Choice of PEFT Technique in Continual Learning: Prompt Tuning is Not All You Need

TL;DR

The paper interrogates the widespread use of prompt tuning as a PEFT choice in continual learning with pretrained transformers and demonstrates that LoRA-based PEFT variants consistently outperform prompt-based approaches across domain- and class-incremental benchmarks. It introduces drop-in LoRA-based variants of two prominent CL methods, S-Prompts (S-LoRA) and Learning to Prompt (L2L), and shows substantial accuracy gains with minimal inference overhead. Through comprehensive experiments on diverse datasets (CORe50, DomainNet, Split CIFAR-100, Tiny ImageNet) and careful ablations, the authors argue that prompt tuning is not inherently suited to continual learning and advocate adopting LoRA for practical CL deployments. The work emphasizes the importance of ablations of architectural choices, the potential for improved real-world impact, and the need for broader exploration of PEFT techniques beyond prompt tuning in CL.

Abstract

Recent Continual Learning (CL) methods have combined pretrained Transformers with prompt tuning, a parameter-efficient fine-tuning (PEFT) technique. We argue that the choice of prompt tuning in prior works was an undefended and unablated decision, which has been uncritically adopted by subsequent research, but warrants further research to understand its implications. In this paper, we conduct this research and find that the choice of prompt tuning as a PEFT method hurts the overall performance of the CL system. To illustrate this, we replace prompt tuning with LoRA in two state-of-the-art continual learning methods: Learning to Prompt and S-Prompts. These variants consistently achieve higher accuracy across a wide range of domain-incremental and class-incremental benchmarks, while being competitive in inference speed.
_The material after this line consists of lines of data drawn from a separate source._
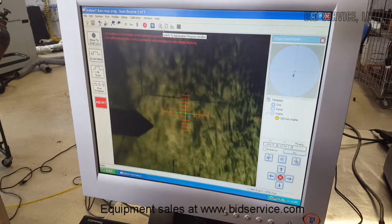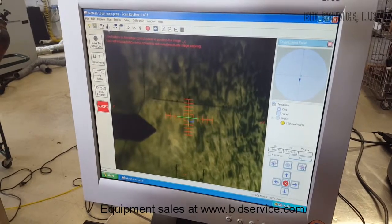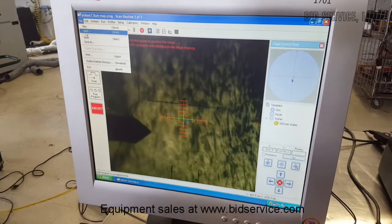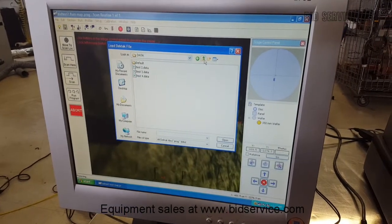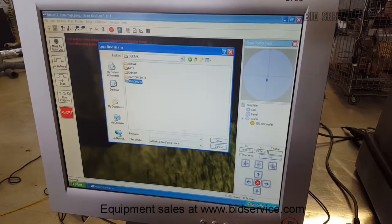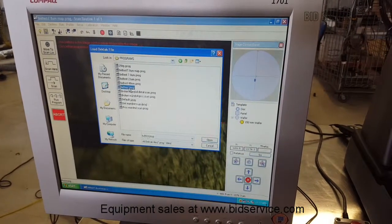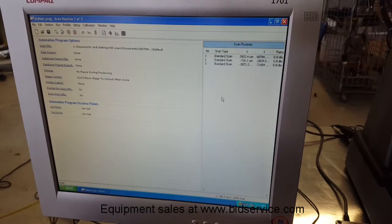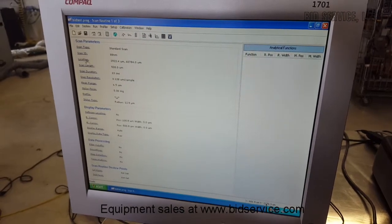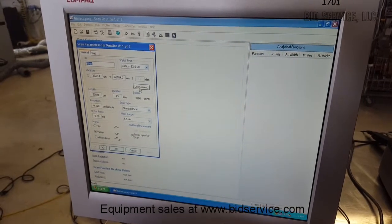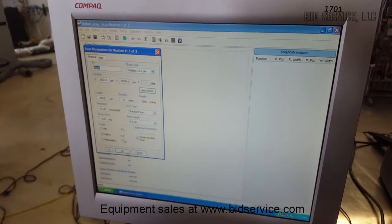This icon here is set up to use a scan automated program. I have a pre-programmed automation program. This would be after you set up all your locations — for example, after you position it, you can use the current location for each of your spots. Then you could do an automated run. So that's what we'll do now.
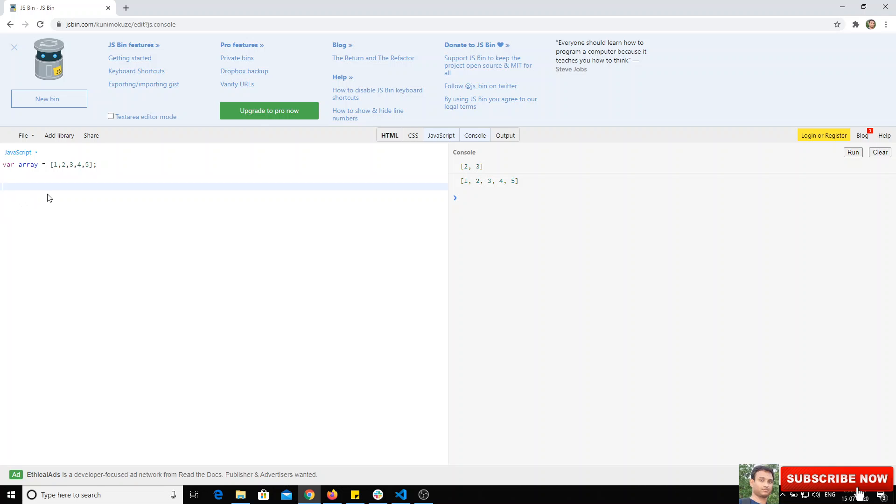What we can do is array.filter. Filter will have a function, just like the forEach function we have seen in previous videos. You will have an anonymous function.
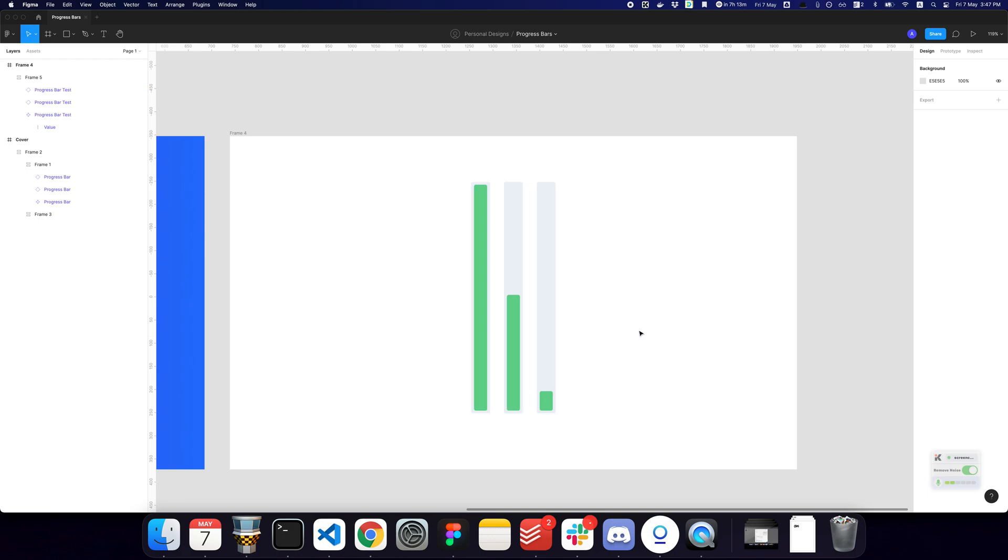And yeah, that's a really quick way to create scalable and adjustable progress bars and bar graphs or something along those lines.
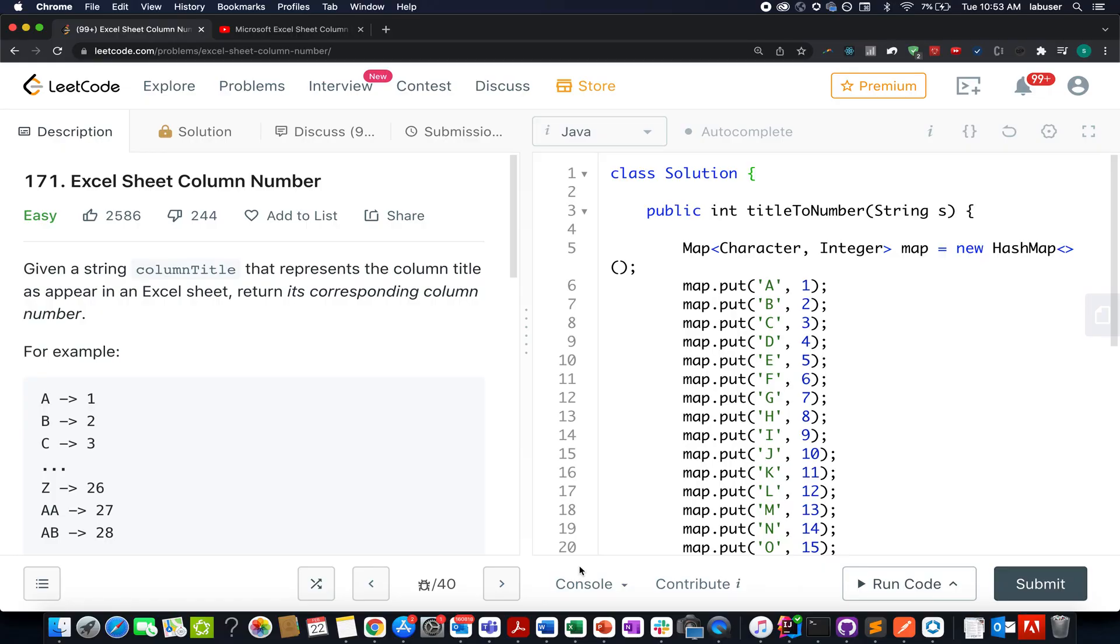Hello everyone, welcome to day 22nd of February LeetCode Challenge and I hope all of you are having a great time. The question that we have today is Excel Sheet Column Number.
Our work highlights a crucial argument: unexamined choices can hinder progress in the field, and rigorous ablations, such as the PEFT method, are required to drive meaningful adoption of CL techniques in real-world applications.

Figures (7)

• Figure 1: Is the choice of prompt tuning justified? We show train and test performance of a ViT-B/16 trained on combined training set of all the datasets on Split CIFAR-100 and DomainNet and show the training loss dynamics on the left and the test performance on the right, for fine-tuning (training all parameters), prompt tuning (training prompt tokens and classifier layer), LoRA (training the low rank adapter and classifier layer). It is evident that prompt tuning converges to a higher loss (left), and performs poorly compared to LoRA (right), while being comparably parameter-efficient. Yet, a host of continual learning literature exists on using prompt tuning based techniques. We study if this design choice is justified.
• Figure 2: Measuring speed as a function of number of trainable parameters for Split CIFAR-100. We see that the prompt-based methods are faster only for a smaller number of trainable parameters.
• Figure 3: Performance of varying hyperparameters for Split CIFAR-100. We see that while increasing the number of trainable parameters does not improve necessarily result in an improved performance. For L2P, increasing the number of trainable parameters improves performance but does not reach the performance that L2L gets for a much fewer number of parameters. For the S-X family, it is apparent increasing number of parameters of S-LoRA is advantageous for performance, whereas S-LoRA performs poorer.
• Figure 4: We report the average accuracy obtained after each update. Ranking of LoRA vs. prompting-based methods does not change.
• Figure 5: S-Prompts (S-Pr) shows no positive change when using the prompts estimated for the first dataset to extract the feature representation (S-Pr++). However, using the LoRA modules of the first dataset (S-Lo++) to extract the features gives a big boost in identifying the right expert model and hence average accuracy.